Update README.md

JorjMcKie · JorjMcKie · commit 8c0f5009f3d1 · 2024-07-23T08:47:29.000-04:00
diff --git a/pymupdf4llm/README.md b/pymupdf4llm/README.md
@@ -33,15 +33,15 @@ pathlib.Path("output.md").write_bytes(md_text.encode())
 
 Instead of the filename string as above, one can also provide a PyMuPDF `Document`. By default, all pages in the PDF will be processed. If desired, the parameter `pages=[...]` can be used to provide a list of zero-based page numbers to consider.
 
-**New features as of v0.0.2:**
+**Feature Overview:**
 
 * Support for pages with **_multiple text columns_**.
 * Support for **_image and vector graphics extraction_**:
 
     1. Specify `pymupdf4llm.to_markdown("input.pdf", write_images=True)`. Default is `False`.
-    2. Each image or vector graphic on the page will be extracted and stored as a PNG image named `"input.pdf-pno-index.png"` in the folder of `"input.pdf"`. Where `pno` is the 0-based page number and `index` is some sequence number.
-    3. The image files will have width and height equal to the values on the page.
-    4. Any text contained in the images or graphics will not be extracted, but become visible as image parts.
+    2. Each image or vector graphic on the page will be extracted and stored as an image named `"input.pdf-pno-index.extension"` in a folder of your choice. The image `extension` can be chosen to represent a PyMuPDF-supported image format (for instance "png" or "jpg"),  `pno` is the 0-based page number and `index` is some sequence number.
+    3. The image files will have width and height equal to the values on the page. The desired resolution can be chosen via parameter `dpi` (default: `dpi=150`).

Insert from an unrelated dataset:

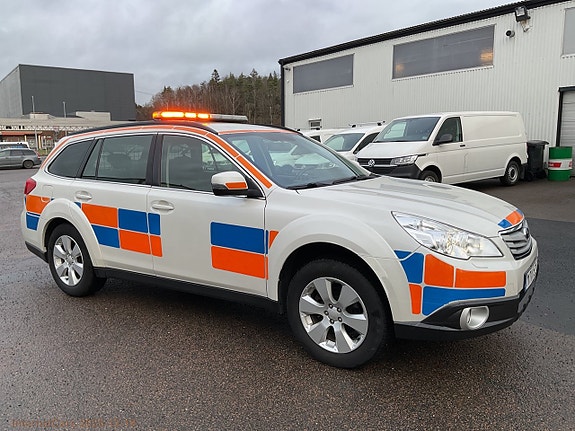 Subaru Outback 3 of 5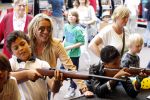 Laren 4 juli 2012
Kermis in laren . Angela v Hulten met zoons Justin en Ruben Kluivert
Peter Smulders bv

+    4. Any text contained in the images or graphics will be extracted and **also become visible as part of the generated image**. This behavior can be changed via `force_text=False` (text only apears as part of the image).
 
 * Support for **page chunks**: Instead of returning one large string for the whole document, a list of dictionaries can be generated: one for each page. Specify `data = pymupdf4llm.to_markdown("input.pdf", page_chunks=True)`. Then, for instance the first item, `data[0]` will contain a dictionary for the first page with the text and some metadata.